-------- Recorded information
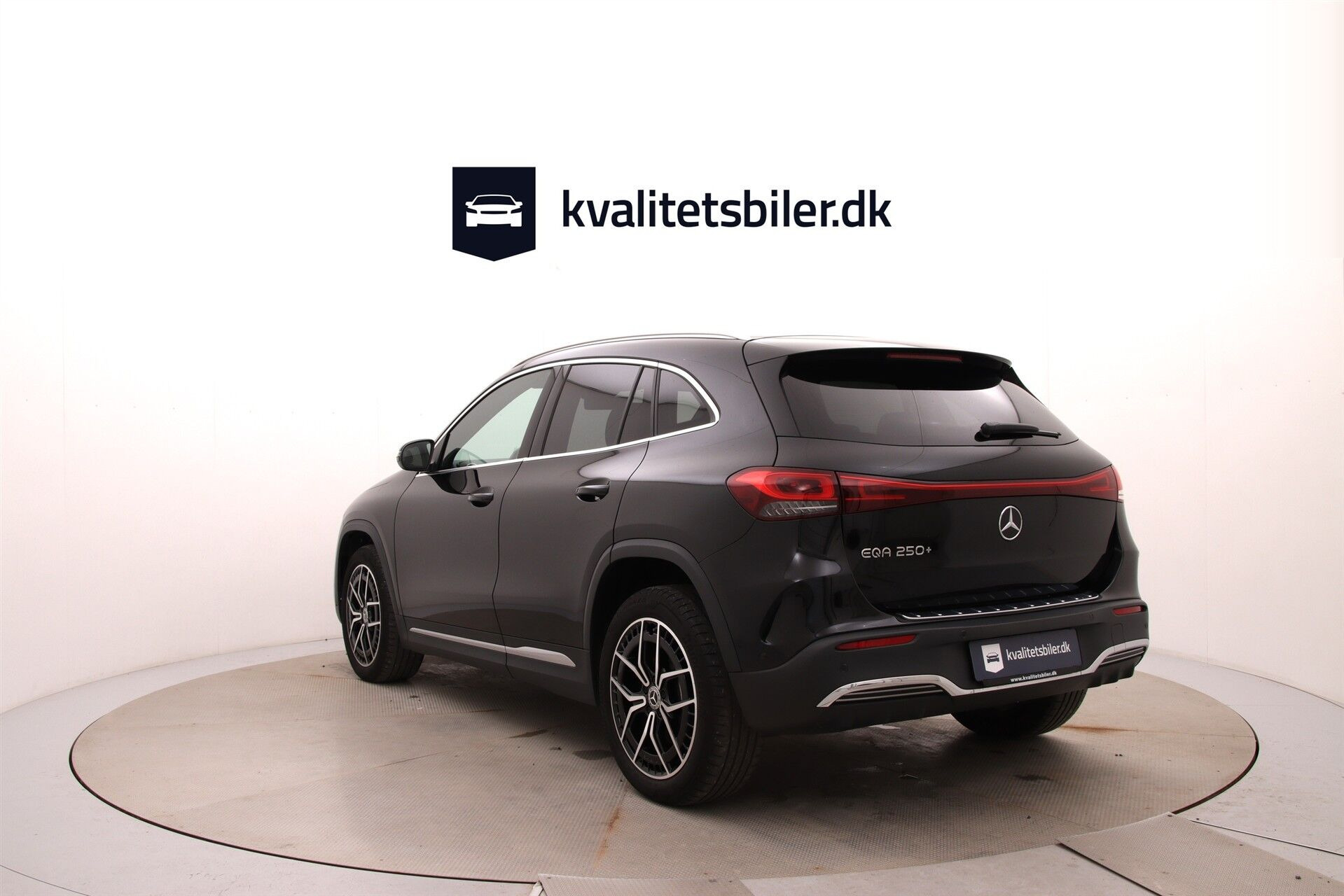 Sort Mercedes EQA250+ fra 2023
----------------
-------- Recorded information
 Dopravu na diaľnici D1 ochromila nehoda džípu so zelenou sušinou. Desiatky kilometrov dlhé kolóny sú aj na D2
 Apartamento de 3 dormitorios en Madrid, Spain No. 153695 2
----------------
-------- Recorded information
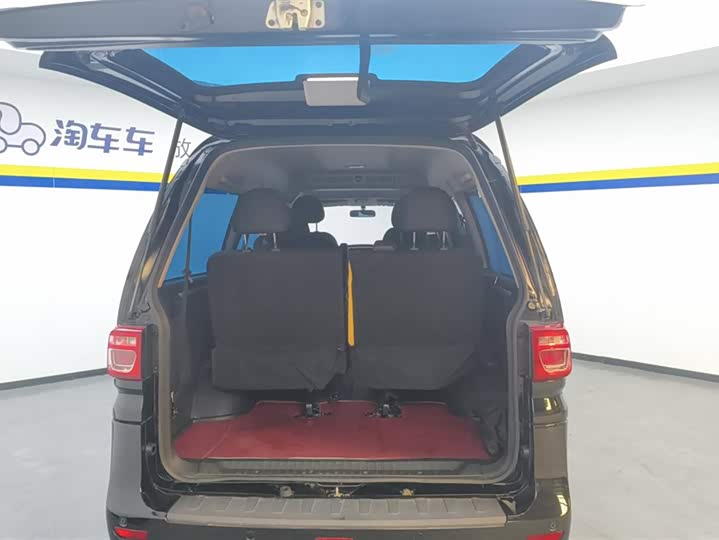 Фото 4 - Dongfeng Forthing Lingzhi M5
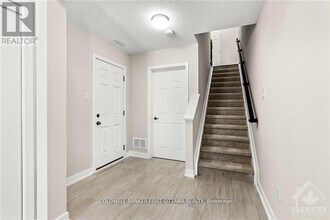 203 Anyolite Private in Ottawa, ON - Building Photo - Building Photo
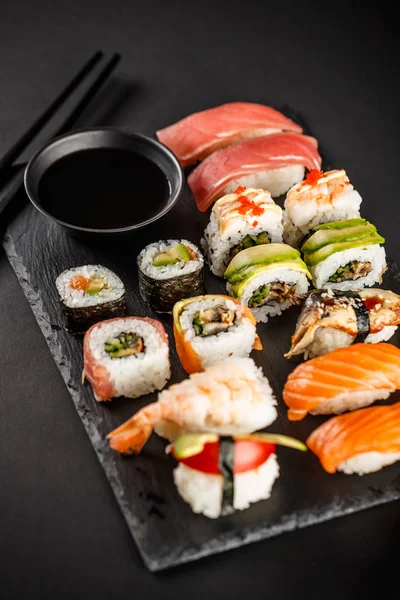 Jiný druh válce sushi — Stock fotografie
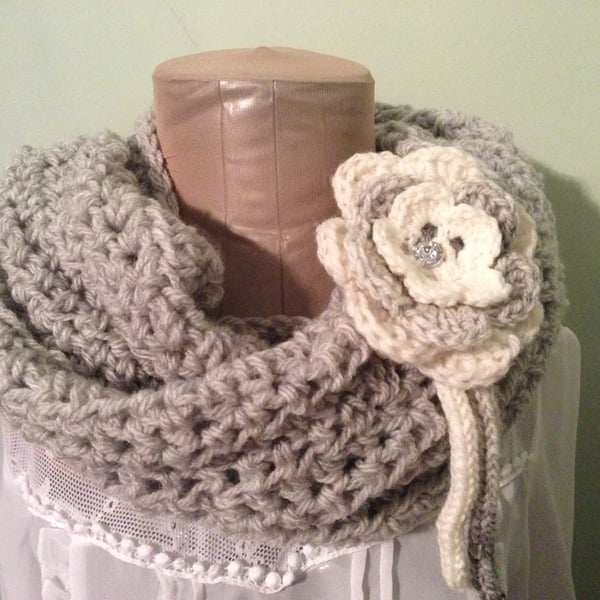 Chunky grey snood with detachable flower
----------------
*Work task:* Exactly the lines above from the one that contains "203 Anyolite Private" down to the one that contains "Chunky grey snood with detachable flower" are to be output, both ends kept and pictures omitted.

*Exercise answer:*
 203 Anyolite Private in Ottawa, ON - Building Photo - Building Photo
 Jiný druh válce sushi — Stock fotografie
 Chunky grey snood with detachable flower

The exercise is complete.